• Work task:
Your copy should run exactly from the line containing "2nd image of 631 Norton Ave" to the last line of the entries below, and it should include no pictures.
▶
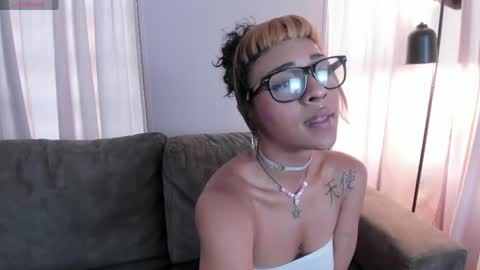 jade_star__ online show from 19, 5, 2026
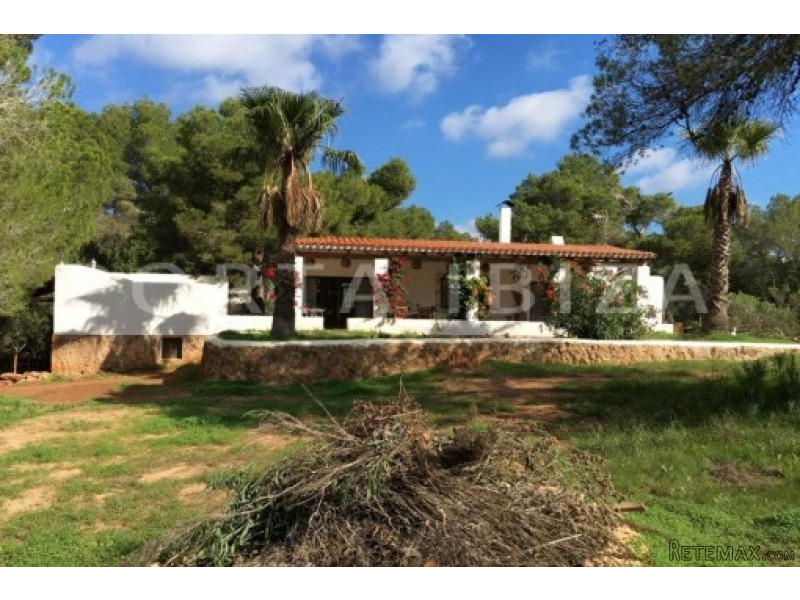 Charming property with fabulous..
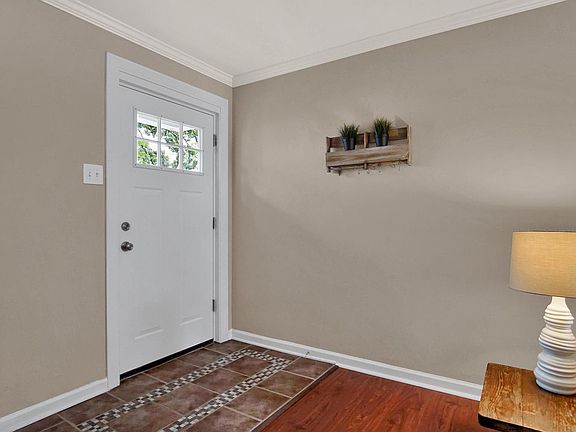 2nd image of 631 Norton Ave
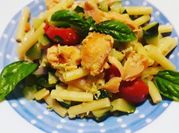 Una foto di pasta al basilico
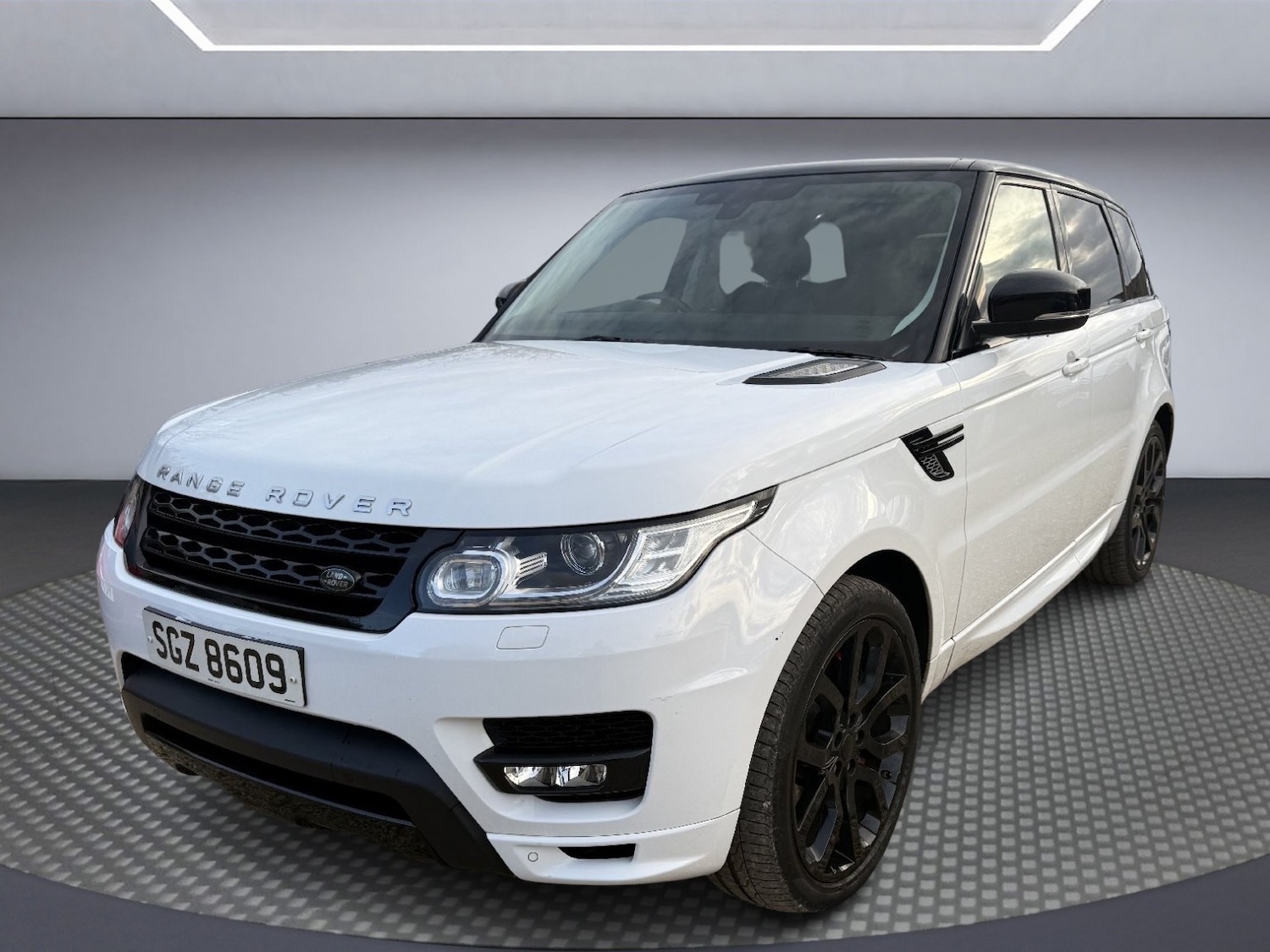 Used Land Rover Range Rover Sport 2015 for sale - 77687753: Photo 3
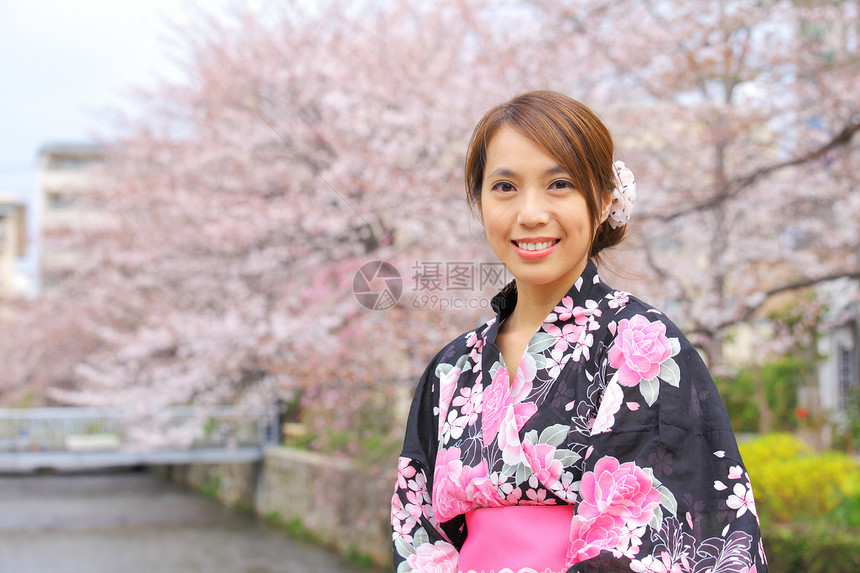 身穿和服的日本女人图片
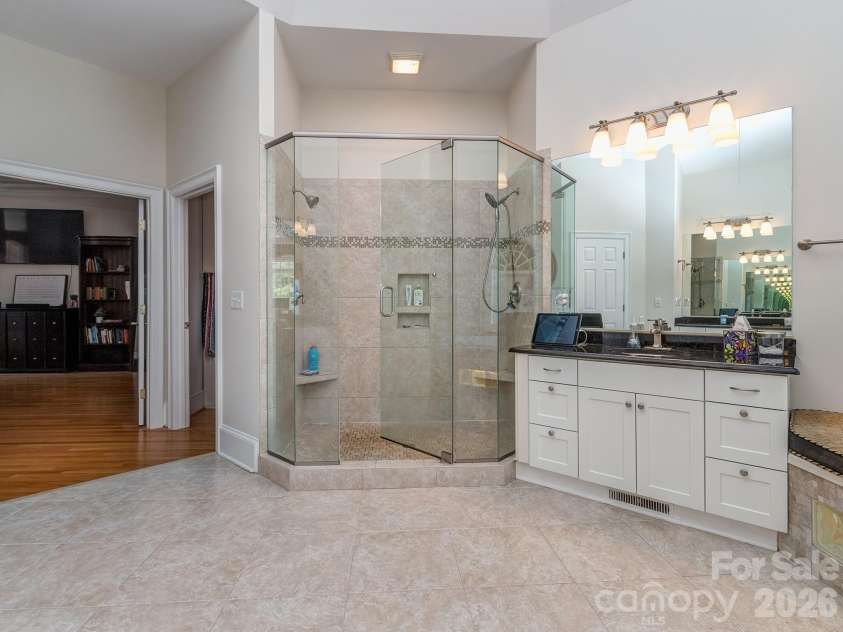 1733 White Pond Lane, Waxhaw, NC 28173.  MLS# CAR4398869, YatesRealty ID 37993. Primary Bath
◀
• Reply:
 2nd image of 631 Norton Ave
 Una foto di pasta al basilico
 Used Land Rover Range Rover Sport 2015 for sale - 77687753: Photo 3
 身穿和服的日本女人图片
 1733 White Pond Lane, Waxhaw, NC 28173.  MLS# CAR4398869, YatesRealty ID 37993. Primary Bath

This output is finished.